In November loan portfolios of 17 banks increased (of which 14 banks and three foreign banks’ branches, making up 53% of total market share in the banking sector loan portfolio), however, the amounts of new loans still constituted less volumes overall in the banking sector than amortized loans (loans repaid by clients and written off by banks). Therefore, in November 2010 the overall loan portfolio continued shrinking (by 0.2% or 29 million lats) and at end-November totalled 14.5 billion lats, where loan balance both for resident corporate loans and resident household loans shrank at a similar pace (by 0.5%), while non-resident loan balance grew by almost 45 million lats.

At end-November of total loans, 72% had no payment arrears (compared to 71.4% at end-October). As loan quality stabilized, overdue loan balance continued shrinking also in November, i.e. by 2.3% (compared to 0.7% in October). In November, the amount of loans with more than 90 days overdue payments continued shrinking already for the fourth month in a row, i.e. by 0.4% (having decreased overall by 2.6% since August or 75 million lats) and their share in the banking loan portfolio was 19.3% at end-November.

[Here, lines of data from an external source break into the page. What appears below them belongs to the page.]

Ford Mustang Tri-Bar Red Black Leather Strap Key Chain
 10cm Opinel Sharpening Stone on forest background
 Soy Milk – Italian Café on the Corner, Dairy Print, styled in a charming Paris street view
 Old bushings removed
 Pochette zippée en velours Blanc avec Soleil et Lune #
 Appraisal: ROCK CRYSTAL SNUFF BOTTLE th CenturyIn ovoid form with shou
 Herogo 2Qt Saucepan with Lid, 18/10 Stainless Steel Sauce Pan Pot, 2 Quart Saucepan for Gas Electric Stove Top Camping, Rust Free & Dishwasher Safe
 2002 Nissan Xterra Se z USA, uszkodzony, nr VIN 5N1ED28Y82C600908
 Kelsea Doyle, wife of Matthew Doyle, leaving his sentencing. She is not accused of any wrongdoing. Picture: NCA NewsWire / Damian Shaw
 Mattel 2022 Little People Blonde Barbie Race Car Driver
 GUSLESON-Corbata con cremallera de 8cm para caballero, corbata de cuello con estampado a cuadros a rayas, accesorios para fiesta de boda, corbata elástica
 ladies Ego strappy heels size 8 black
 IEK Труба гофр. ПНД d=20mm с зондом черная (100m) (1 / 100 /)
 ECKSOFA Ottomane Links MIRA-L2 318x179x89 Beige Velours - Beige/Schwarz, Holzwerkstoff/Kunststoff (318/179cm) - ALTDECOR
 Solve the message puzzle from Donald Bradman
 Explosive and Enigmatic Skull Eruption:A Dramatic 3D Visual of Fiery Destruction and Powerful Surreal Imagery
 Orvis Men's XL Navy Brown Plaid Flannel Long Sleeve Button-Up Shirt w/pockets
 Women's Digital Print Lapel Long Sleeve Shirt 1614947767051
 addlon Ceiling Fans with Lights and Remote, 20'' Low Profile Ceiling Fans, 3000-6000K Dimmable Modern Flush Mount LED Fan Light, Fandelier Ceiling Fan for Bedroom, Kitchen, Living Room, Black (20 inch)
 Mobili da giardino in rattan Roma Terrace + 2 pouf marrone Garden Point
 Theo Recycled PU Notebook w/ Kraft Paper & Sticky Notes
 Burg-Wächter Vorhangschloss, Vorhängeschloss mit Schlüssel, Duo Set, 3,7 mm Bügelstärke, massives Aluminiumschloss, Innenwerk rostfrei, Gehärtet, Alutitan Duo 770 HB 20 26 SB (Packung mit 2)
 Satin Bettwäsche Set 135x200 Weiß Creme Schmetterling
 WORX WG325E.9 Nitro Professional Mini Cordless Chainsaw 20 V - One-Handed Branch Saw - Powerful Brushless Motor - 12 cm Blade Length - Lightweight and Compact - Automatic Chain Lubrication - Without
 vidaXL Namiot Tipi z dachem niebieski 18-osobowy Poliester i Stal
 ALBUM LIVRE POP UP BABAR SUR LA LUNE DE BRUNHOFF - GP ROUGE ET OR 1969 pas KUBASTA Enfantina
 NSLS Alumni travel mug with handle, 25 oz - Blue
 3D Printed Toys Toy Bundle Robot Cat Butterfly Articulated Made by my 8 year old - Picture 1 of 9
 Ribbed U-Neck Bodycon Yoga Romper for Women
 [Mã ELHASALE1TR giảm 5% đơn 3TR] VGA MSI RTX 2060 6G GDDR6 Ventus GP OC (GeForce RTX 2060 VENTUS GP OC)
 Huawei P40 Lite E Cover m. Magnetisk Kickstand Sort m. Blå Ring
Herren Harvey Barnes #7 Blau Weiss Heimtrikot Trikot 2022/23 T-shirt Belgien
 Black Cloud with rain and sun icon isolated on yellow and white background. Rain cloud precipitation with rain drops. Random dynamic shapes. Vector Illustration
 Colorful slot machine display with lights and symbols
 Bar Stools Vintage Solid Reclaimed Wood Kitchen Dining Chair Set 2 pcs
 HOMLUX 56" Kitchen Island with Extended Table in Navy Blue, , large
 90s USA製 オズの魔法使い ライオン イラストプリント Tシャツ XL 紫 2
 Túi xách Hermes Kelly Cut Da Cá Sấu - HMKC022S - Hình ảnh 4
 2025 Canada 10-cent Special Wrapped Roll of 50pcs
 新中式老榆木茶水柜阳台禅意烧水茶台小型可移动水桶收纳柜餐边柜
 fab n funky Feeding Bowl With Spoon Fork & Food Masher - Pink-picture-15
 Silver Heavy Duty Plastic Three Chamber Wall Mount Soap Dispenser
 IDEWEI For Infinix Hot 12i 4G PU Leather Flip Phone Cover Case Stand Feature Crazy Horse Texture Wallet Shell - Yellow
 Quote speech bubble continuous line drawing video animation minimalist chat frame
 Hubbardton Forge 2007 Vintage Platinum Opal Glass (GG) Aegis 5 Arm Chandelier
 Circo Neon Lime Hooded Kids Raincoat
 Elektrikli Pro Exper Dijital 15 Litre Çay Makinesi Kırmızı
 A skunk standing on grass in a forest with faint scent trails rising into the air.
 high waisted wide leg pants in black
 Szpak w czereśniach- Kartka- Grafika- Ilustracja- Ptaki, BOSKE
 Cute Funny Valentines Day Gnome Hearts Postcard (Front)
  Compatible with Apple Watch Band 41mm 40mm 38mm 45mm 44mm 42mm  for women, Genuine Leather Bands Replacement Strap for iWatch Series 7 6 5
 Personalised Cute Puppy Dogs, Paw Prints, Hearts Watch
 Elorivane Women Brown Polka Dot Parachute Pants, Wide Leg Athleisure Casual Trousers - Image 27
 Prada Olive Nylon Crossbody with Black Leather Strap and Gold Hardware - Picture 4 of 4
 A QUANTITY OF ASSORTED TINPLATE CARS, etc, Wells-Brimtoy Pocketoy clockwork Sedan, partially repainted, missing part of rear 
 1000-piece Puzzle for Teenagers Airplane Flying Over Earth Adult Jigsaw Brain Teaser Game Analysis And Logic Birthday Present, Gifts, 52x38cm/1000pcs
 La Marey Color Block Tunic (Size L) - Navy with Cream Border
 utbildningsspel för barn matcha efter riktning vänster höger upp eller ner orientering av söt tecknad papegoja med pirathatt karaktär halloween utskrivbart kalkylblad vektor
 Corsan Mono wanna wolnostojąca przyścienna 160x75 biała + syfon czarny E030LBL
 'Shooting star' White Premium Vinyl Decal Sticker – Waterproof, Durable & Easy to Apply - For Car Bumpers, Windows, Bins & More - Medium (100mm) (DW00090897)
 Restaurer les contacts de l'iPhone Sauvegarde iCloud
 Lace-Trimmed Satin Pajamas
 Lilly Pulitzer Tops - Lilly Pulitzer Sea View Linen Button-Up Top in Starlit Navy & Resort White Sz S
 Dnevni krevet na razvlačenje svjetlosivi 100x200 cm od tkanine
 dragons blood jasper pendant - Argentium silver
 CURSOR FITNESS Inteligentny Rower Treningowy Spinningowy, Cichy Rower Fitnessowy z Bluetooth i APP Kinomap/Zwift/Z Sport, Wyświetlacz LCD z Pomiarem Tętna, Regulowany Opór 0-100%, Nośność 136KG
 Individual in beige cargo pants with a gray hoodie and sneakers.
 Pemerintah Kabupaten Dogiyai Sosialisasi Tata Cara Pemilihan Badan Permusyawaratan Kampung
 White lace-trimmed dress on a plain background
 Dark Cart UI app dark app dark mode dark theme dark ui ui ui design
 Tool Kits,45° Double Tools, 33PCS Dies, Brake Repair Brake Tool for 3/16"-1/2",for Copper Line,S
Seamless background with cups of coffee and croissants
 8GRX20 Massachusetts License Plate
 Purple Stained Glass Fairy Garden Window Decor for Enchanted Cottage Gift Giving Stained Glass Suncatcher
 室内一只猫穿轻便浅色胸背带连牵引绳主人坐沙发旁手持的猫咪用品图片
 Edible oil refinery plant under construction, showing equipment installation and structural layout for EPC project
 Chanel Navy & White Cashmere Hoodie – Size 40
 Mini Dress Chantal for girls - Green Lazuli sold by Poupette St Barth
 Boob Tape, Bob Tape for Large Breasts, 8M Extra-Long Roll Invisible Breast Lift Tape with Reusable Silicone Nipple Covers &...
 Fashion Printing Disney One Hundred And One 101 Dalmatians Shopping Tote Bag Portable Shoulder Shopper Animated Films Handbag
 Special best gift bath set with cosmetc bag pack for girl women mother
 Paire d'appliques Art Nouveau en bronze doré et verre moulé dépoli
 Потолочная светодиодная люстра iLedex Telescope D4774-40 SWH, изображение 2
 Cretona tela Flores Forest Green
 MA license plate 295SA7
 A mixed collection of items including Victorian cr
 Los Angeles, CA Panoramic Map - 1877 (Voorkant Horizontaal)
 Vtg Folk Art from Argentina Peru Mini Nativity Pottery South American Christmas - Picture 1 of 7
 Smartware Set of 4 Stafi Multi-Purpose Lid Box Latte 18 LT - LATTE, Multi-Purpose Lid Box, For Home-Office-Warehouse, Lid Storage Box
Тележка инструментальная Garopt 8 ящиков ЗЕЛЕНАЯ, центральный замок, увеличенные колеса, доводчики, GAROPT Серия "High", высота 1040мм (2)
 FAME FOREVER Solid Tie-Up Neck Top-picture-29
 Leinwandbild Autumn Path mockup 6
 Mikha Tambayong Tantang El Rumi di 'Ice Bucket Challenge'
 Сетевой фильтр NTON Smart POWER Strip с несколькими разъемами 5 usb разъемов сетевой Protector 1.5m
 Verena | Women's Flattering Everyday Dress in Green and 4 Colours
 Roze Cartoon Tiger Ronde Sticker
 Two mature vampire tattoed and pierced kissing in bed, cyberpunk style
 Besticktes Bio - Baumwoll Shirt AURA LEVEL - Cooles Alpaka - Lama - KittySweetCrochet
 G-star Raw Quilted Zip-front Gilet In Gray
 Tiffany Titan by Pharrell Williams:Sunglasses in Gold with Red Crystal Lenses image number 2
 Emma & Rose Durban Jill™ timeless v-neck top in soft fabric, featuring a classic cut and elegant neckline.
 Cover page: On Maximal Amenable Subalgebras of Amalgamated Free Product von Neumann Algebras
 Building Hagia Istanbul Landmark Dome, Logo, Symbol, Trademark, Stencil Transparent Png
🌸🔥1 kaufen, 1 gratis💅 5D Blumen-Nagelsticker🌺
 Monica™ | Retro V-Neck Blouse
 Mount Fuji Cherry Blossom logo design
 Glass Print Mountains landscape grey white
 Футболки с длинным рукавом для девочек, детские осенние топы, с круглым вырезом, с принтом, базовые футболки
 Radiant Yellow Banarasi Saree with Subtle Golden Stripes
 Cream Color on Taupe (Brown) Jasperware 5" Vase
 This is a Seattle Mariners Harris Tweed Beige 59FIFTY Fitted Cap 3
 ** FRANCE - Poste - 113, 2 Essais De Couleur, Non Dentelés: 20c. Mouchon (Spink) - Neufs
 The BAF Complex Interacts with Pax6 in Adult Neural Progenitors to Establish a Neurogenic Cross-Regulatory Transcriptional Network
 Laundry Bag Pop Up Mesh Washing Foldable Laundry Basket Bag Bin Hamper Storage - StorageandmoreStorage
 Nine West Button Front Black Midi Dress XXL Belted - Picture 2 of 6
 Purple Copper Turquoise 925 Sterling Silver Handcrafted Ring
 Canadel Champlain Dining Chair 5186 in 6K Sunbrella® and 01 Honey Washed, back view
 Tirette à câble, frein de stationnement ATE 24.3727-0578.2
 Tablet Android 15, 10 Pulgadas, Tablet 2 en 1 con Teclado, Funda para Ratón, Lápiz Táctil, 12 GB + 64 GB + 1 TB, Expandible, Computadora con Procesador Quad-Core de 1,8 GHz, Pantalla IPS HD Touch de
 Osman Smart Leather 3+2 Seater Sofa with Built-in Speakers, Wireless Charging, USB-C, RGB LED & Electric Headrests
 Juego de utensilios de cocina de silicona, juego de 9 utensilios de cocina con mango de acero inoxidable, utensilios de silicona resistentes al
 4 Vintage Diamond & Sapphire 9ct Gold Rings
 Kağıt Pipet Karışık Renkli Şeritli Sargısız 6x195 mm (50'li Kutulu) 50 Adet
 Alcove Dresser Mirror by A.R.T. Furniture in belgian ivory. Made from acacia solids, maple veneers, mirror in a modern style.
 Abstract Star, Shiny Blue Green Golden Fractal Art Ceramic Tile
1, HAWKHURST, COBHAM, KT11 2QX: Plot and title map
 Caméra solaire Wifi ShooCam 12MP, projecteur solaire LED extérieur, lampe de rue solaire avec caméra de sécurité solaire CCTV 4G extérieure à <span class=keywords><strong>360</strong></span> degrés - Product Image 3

There have been no notable changes in the amount of restructured loans since end-September and by end-November it was still 2.9 billion lats or 20% of total banking loan portfolio. The greater part of restructured loans constituted loans granted to resident households and micro companies, i.e. 33% and 29%, respectively, 15.7% were loans to non-residents. In November the amount of loans in work-out process slightly grew (by 1.3%), however, at end-November it was still 2.2 billion lats or 15.3% of total banking loan portfolio (at end-October – 15%). The major share of the loans in work-out process also was made up of loans to resident households (42%) and micro companies (33%).

Upon stabilization of loan quality, the total amount of loan loss provisioning has been slightly decreasing already for the fourth month in a row, i.e. in November – by 0.2% (since August their amount has shrunk by 2.2% overall or 38 million lats). However, the amount of provisions in the banking sector still was 1.7 billion lats by end-November or 11.4% of total banking loan portfolio (compared to 11.4% at end-October).

Anna Dravniece
Head of Office
Financial and Capital Market Commission

Prepared by:
Agnese Joela
Public Relations Specialist
Financial and Capital Market Commission’s Office
Phone: +371 67774808; email: agnese.joela@fktk.lv


[1] Data from banks and their branches in Member States .

[2] “Refinancing” may be included, i.e. refinancing of loans issued by another bank.